Cosi Fan Tutte - Amour Moderne à l’Opéra de Massy
Après Les Noces de Figaro en 1786 et Don Giovanni en 1787, Cosi Fan Tutte est la dernière œuvre dans la collaboration entre Mozart et le librettiste Da Ponte. L’histoire proposée est assez osée pour l’époque : les auteurs remettent en question la fidélité, autant masculine que féminine.

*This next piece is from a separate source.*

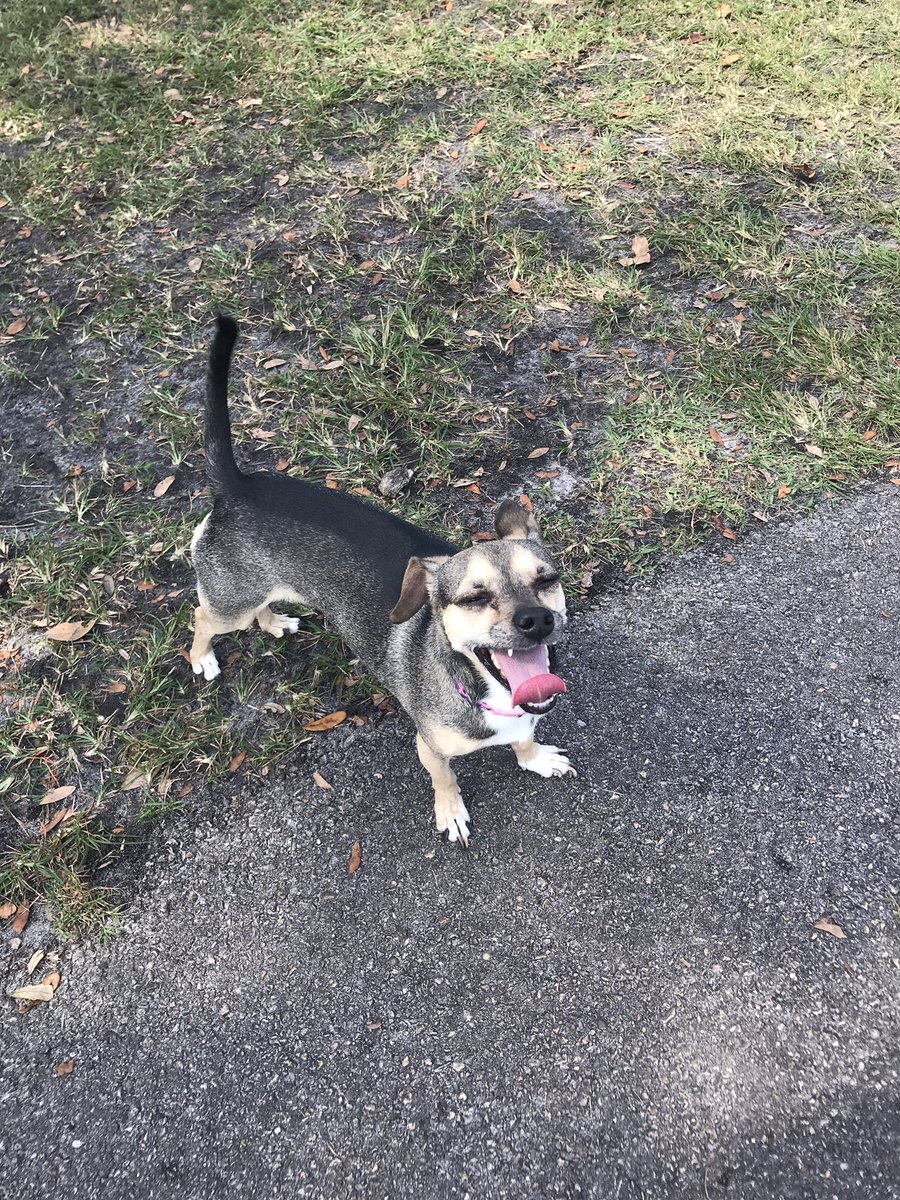 veronicaperaza's tweet photo. Hi Twitter, I’m currently fostering this cutie but unfortunately I can’t keep her permanently! I’m looking for a forever home, if you know of anyone looking to adopt a pup and give her the best home possible, DM me! 🥰🐾 https://t.co/xHaHA9PPqN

Responsables de la mise en scène et des lumières, Frédéric Roels et ses assistants Nathalie Gendrot et Eric Lacourt, dirigent le spectateur vers une relecture de l’œuvre. Coupant certains passages de récitatifs afin de l’adapter au propos ou au décor, l’histoire est dès lors différente. En effet, les deux sœurs reconnaissent leurs fiancés, déguisés en "Turques" modernes après leur avoir annoncé qu’ils partaient en guerre, mais elles continuent de jouer le jeu. Poussées par l’ennui, elles sont amusées de se prendre à cette aventure amoureuse. Un grand jeu libertin dont tous les protagonistes sont complices commence et dévoile petit à petit les limites sentimentales de l'être humain. Une mise en scène osée, mais qui représente un Cosi Fan Tutte d’aujourd’hui où les femmes sont plus libres d’aimer. Mais s’agirait-il d’un amour superficiel ?
Cosi Fan Tutte de Mozart à Rouen (© JPouget)

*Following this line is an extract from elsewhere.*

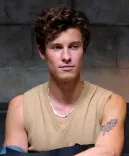Shawn Mendes portrait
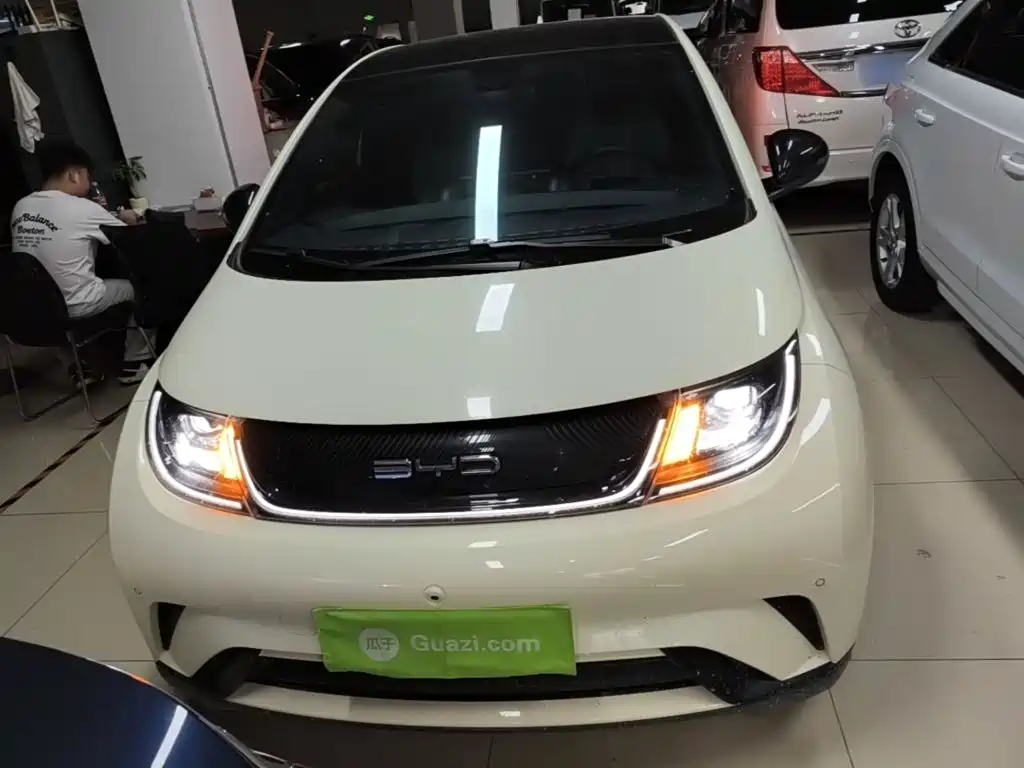 BYD Dolphin 2024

Les décors de Bruno De Lavenère sont assez minimalistes au premier acte avec quelques canapés et un miroir. Puis, tombe des cintres un petit jardin, comme un paradis terrestre. Les costumes choisis par Lionel Lesire passent de tons ennuyeux à des styles comiques en passant par la séduction. Ceux de Ferrando et Guglielmo déguisés sont de couleur fluo (avec un petit air de racailles). Dorabella et Fiordiligi, montrent au fur et à mesure leur féminité à travers des robes moulantes puis des sous-vêtements risqués, l'ensemble recouvert également de fluo.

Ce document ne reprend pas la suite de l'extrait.